-- Extracted entries --
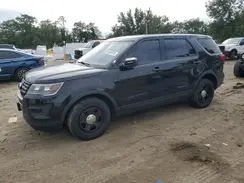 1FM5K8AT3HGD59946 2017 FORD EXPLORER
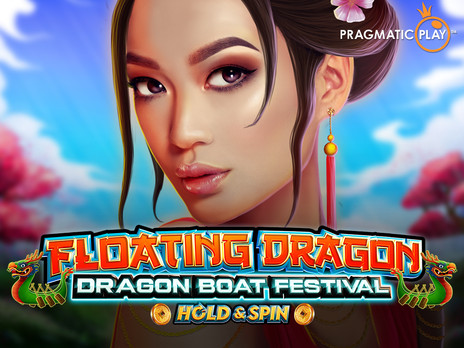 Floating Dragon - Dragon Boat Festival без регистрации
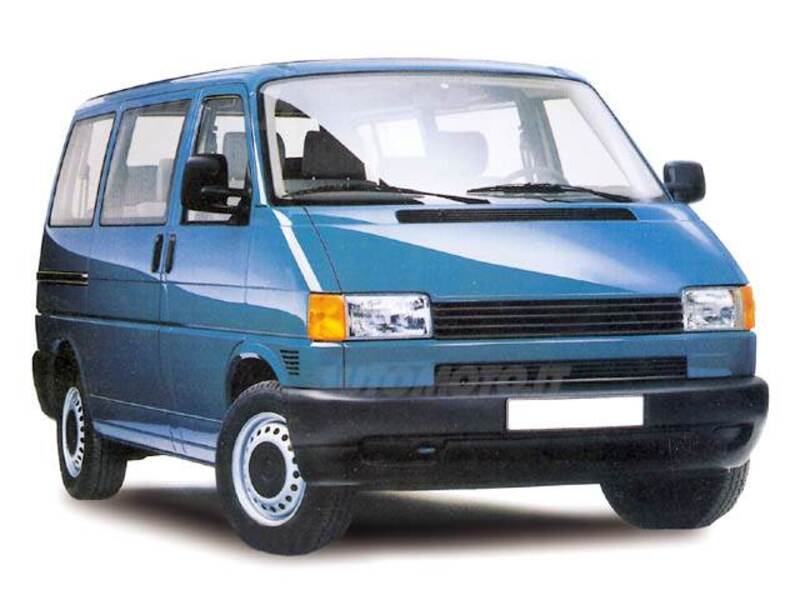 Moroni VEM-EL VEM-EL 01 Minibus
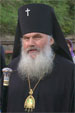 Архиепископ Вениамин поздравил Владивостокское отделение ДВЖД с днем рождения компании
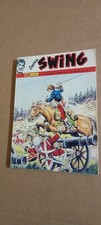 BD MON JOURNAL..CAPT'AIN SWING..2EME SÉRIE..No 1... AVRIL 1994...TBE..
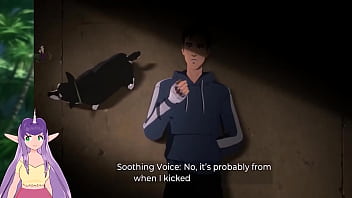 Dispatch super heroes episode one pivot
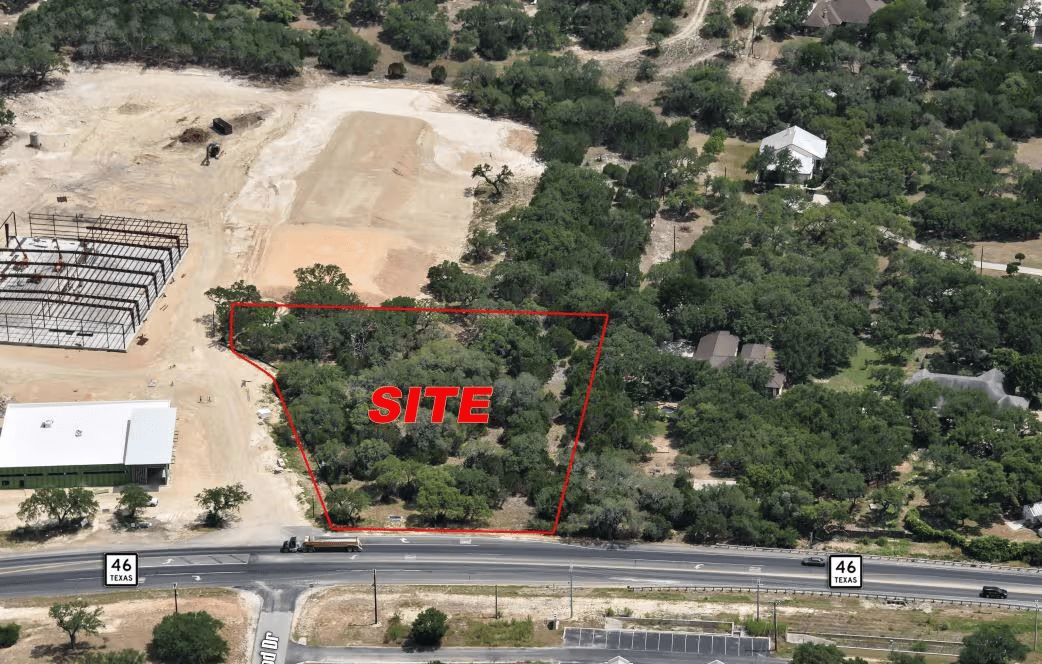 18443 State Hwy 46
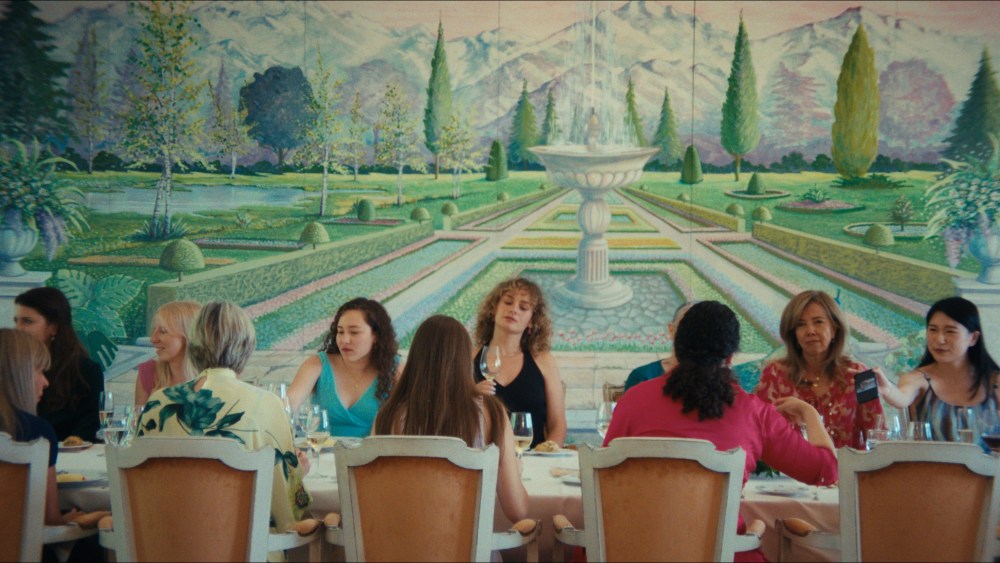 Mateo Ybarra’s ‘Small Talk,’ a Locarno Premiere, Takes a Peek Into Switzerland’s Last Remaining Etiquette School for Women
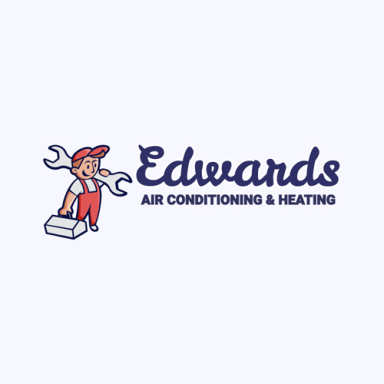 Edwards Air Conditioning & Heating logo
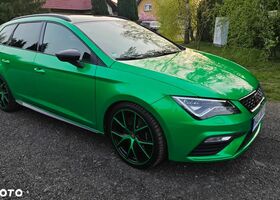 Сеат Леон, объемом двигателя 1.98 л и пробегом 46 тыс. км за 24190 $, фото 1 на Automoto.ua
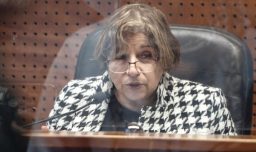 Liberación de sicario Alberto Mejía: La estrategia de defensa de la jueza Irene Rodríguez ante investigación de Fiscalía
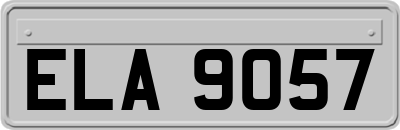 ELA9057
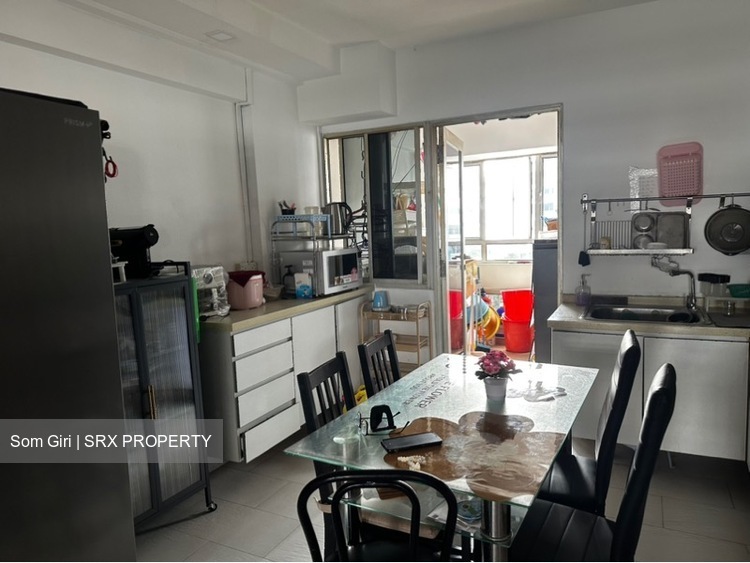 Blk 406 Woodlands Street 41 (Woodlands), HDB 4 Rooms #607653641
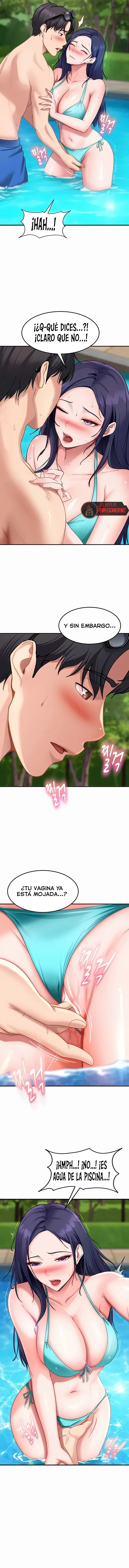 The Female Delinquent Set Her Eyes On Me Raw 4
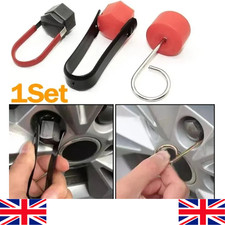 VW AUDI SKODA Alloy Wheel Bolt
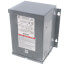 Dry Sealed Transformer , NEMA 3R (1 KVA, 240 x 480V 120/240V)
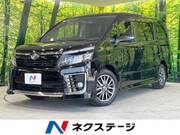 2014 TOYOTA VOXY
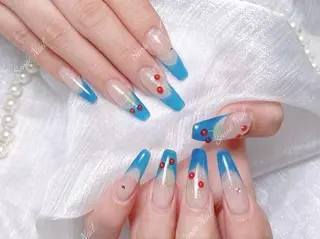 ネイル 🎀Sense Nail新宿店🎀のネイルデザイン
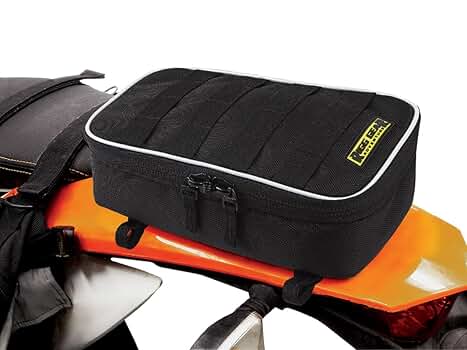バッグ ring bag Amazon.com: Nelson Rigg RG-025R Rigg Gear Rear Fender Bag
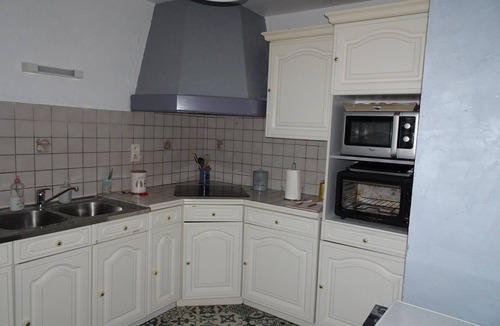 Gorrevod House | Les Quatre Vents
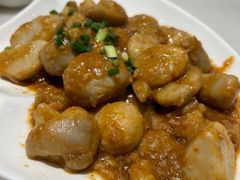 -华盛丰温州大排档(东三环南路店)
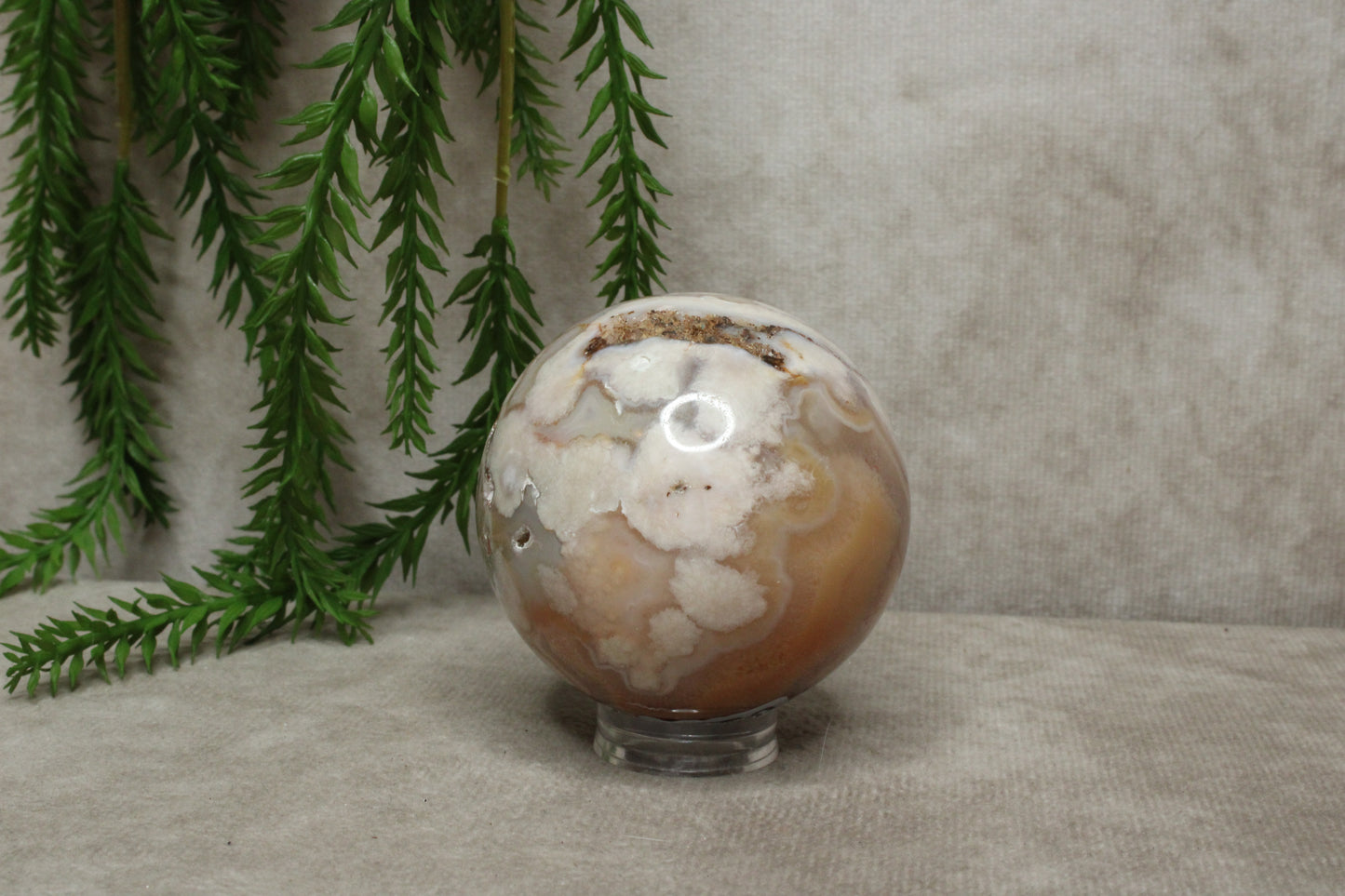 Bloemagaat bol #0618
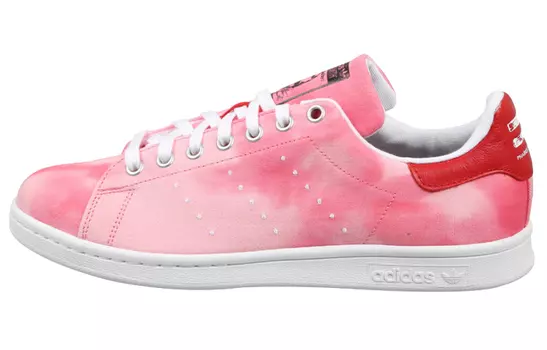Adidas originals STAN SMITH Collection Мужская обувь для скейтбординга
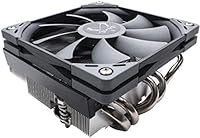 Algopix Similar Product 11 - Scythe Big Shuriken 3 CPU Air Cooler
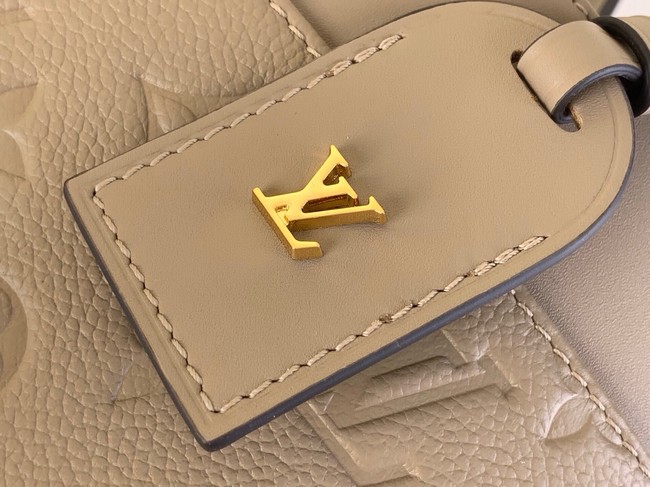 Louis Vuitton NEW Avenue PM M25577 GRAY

-- Your goal --
Word for word, restate the lines from the first line of the material through the line containing "Blk 406 Woodlands", with the pictures left out.

-- Written answer --
 1FM5K8AT3HGD59946 2017 FORD EXPLORER
 Floating Dragon - Dragon Boat Festival без регистрации
 Moroni VEM-EL VEM-EL 01 Minibus
 Архиепископ Вениамин поздравил Владивостокское отделение ДВЖД с днем рождения компании
 BD MON JOURNAL..CAPT'AIN SWING..2EME SÉRIE..No 1... AVRIL 1994...TBE..
 Dispatch super heroes episode one pivot
 18443 State Hwy 46
 Mateo Ybarra’s ‘Small Talk,’ a Locarno Premiere, Takes a Peek Into Switzerland’s Last Remaining Etiquette School for Women
 Edwards Air Conditioning & Heating logo
 Сеат Леон, объемом двигателя 1.98 л и пробегом 46 тыс. км за 24190 $, фото 1 на Automoto.ua
 Liberación de sicario Alberto Mejía: La estrategia de defensa de la jueza Irene Rodríguez ante investigación de Fiscalía
 ELA9057
 Blk 406 Woodlands Street 41 (Woodlands), HDB 4 Rooms #607653641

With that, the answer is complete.